(Beginning of The input)

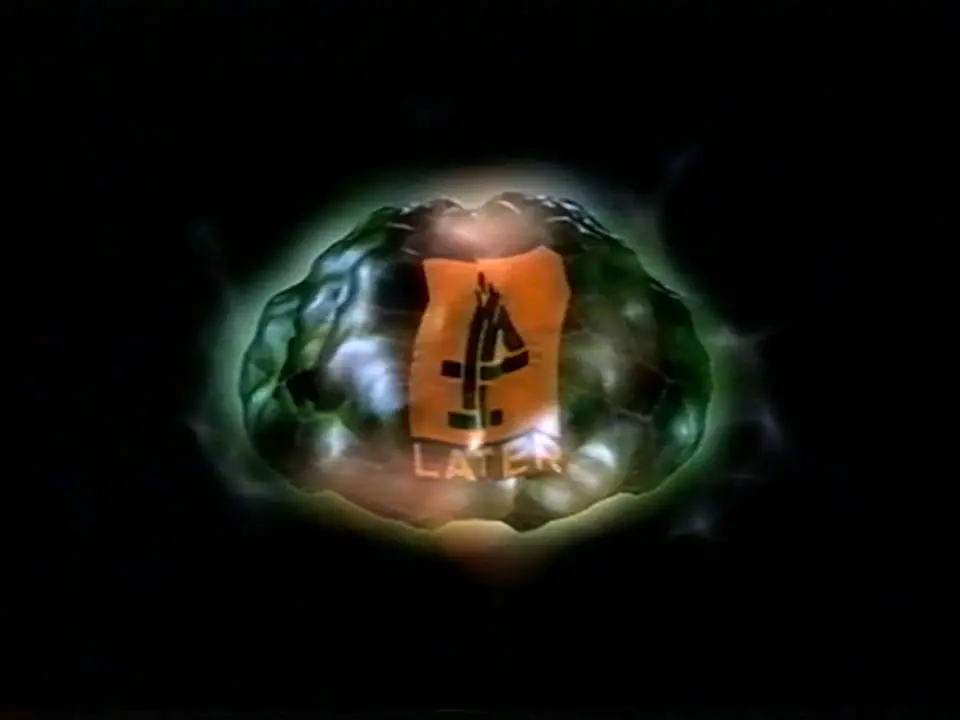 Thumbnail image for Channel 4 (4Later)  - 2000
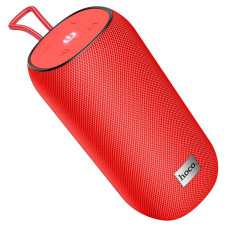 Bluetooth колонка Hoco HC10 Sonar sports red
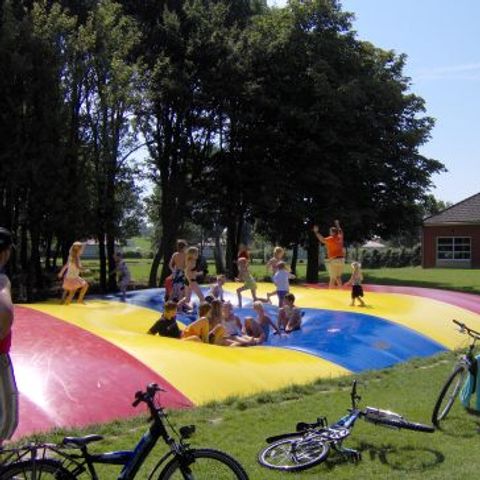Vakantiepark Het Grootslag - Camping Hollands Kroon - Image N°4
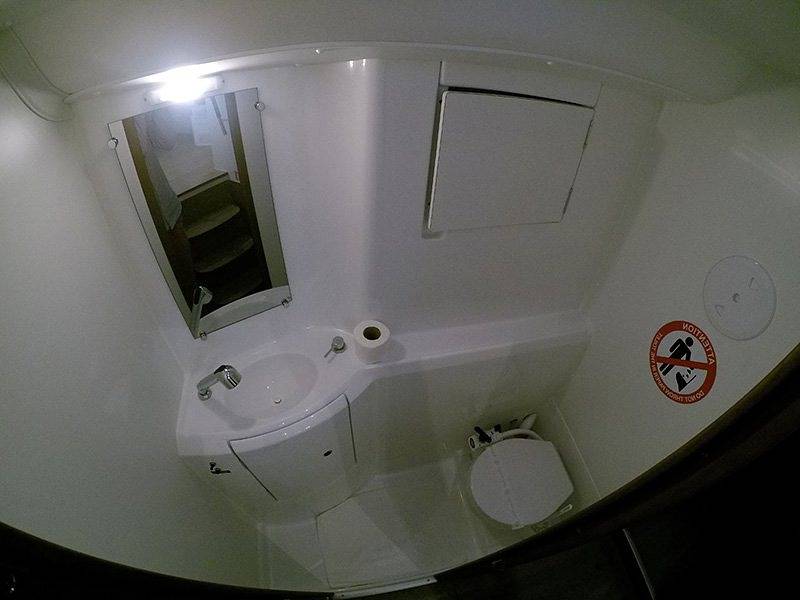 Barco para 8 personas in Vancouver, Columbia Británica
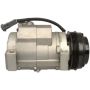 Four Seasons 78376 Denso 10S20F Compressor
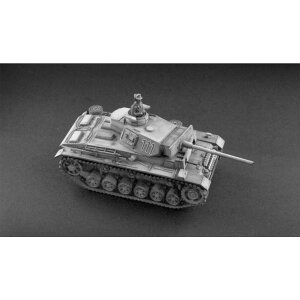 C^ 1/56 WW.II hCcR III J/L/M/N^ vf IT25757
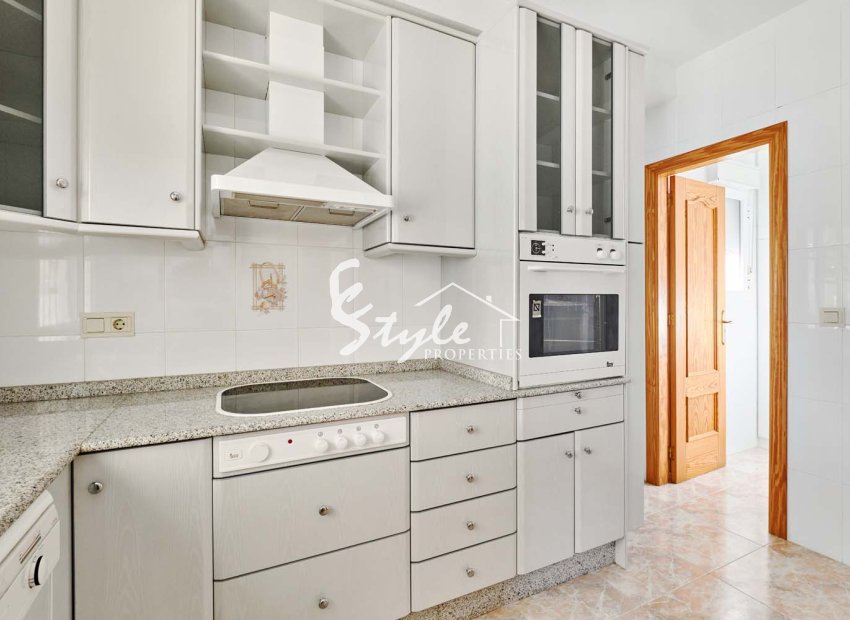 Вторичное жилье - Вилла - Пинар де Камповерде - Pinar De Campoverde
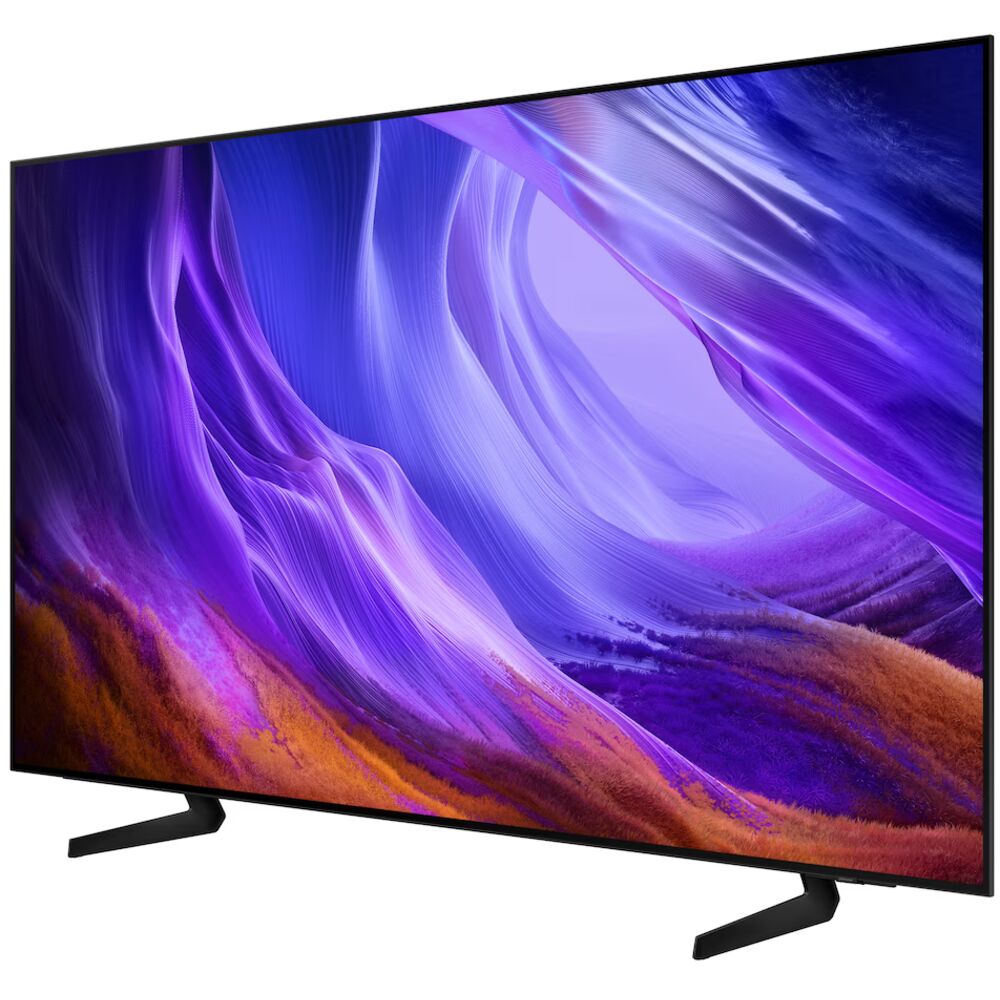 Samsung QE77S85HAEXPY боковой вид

(End of The input)
(Beginning of The input)

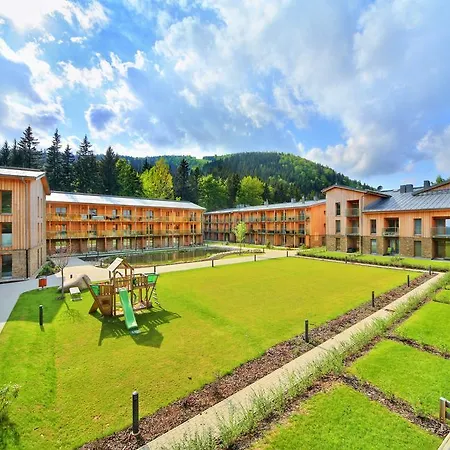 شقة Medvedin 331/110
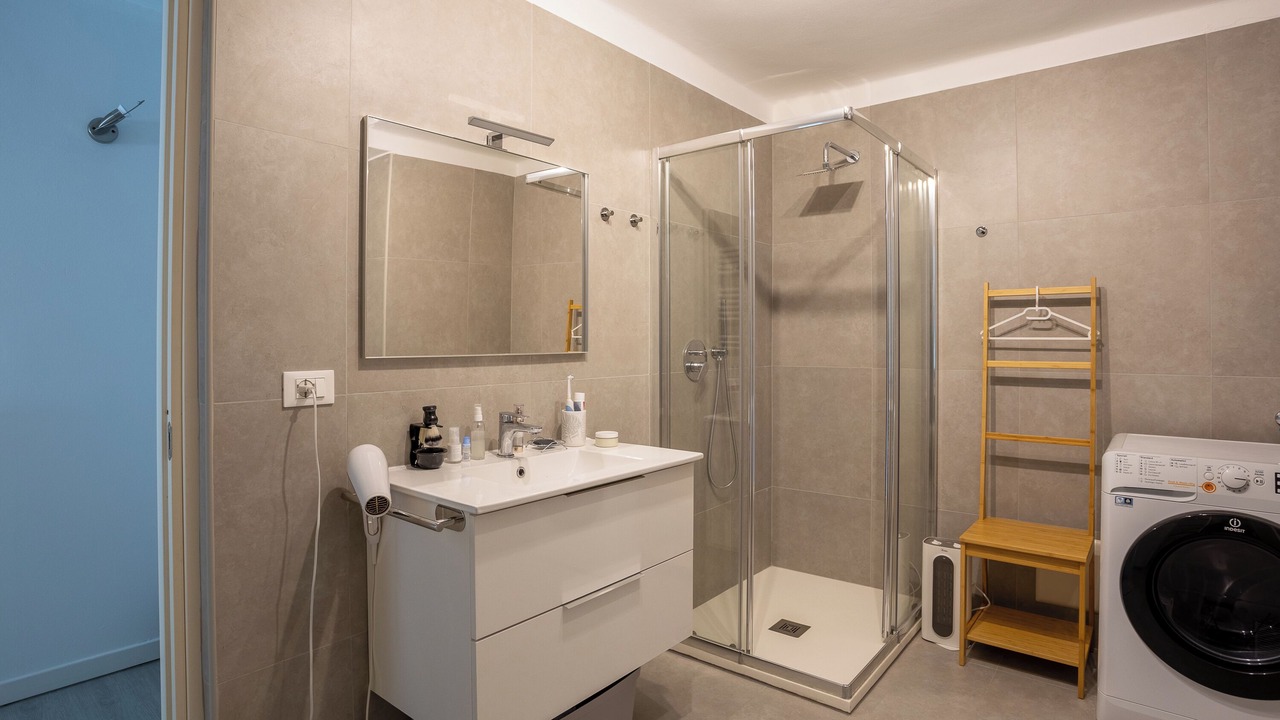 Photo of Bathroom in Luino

(End of The input)
(Beginning of The input)

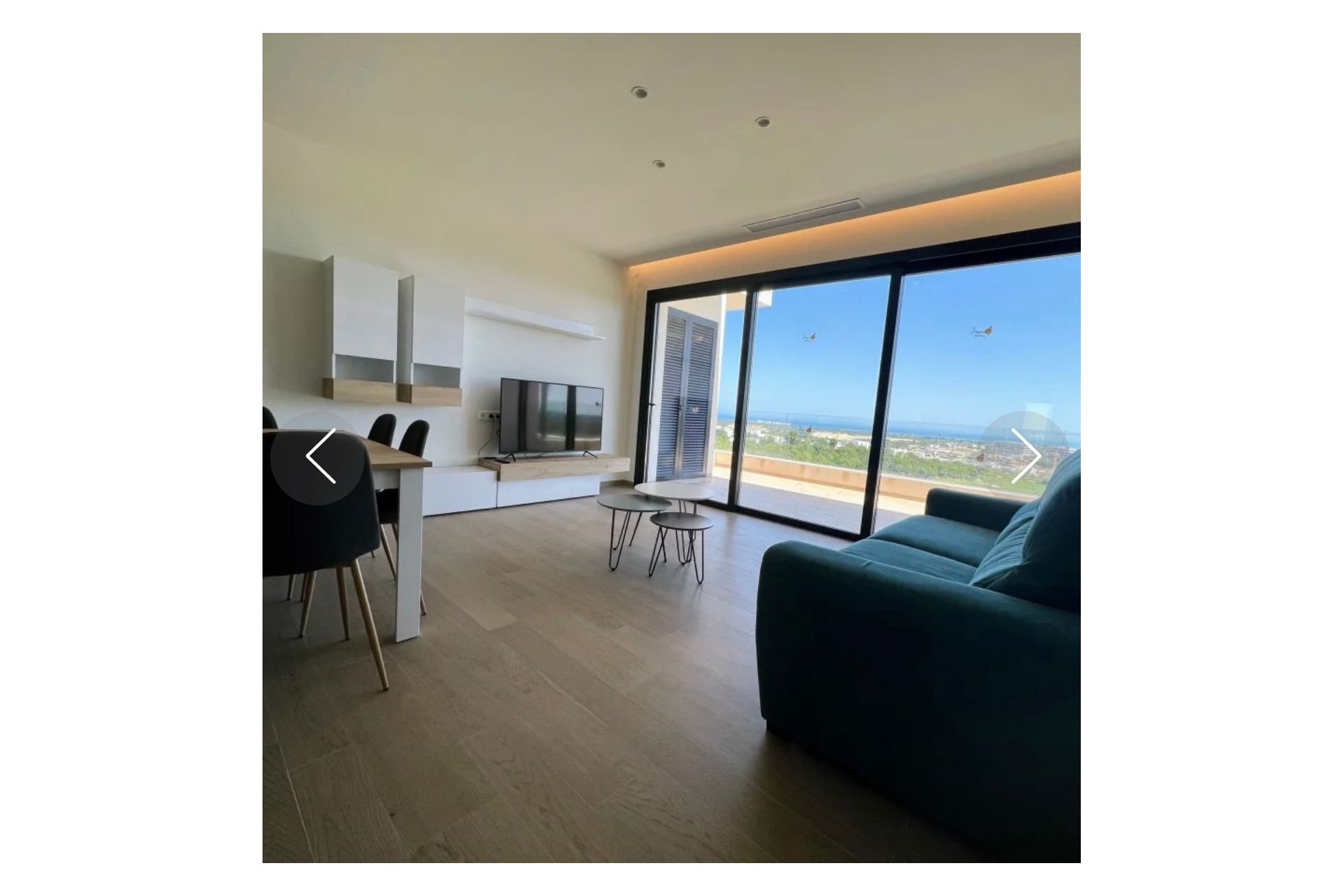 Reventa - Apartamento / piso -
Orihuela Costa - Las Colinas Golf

(End of The input)

Everything from the line with "Thumbnail image for" through the line with "C^ 1/56 WW.II hCcR III J/L/M/N^ vf IT25757" in the material above should be transcribed exactly, except the pictures.

Task output:
 Thumbnail image for Channel 4 (4Later)  - 2000
 Bluetooth колонка Hoco HC10 Sonar sports red
Vakantiepark Het Grootslag - Camping Hollands Kroon - Image N°4
 Barco para 8 personas in Vancouver, Columbia Británica
 Four Seasons 78376 Denso 10S20F Compressor
 C^ 1/56 WW.II hCcR III J/L/M/N^ vf IT25757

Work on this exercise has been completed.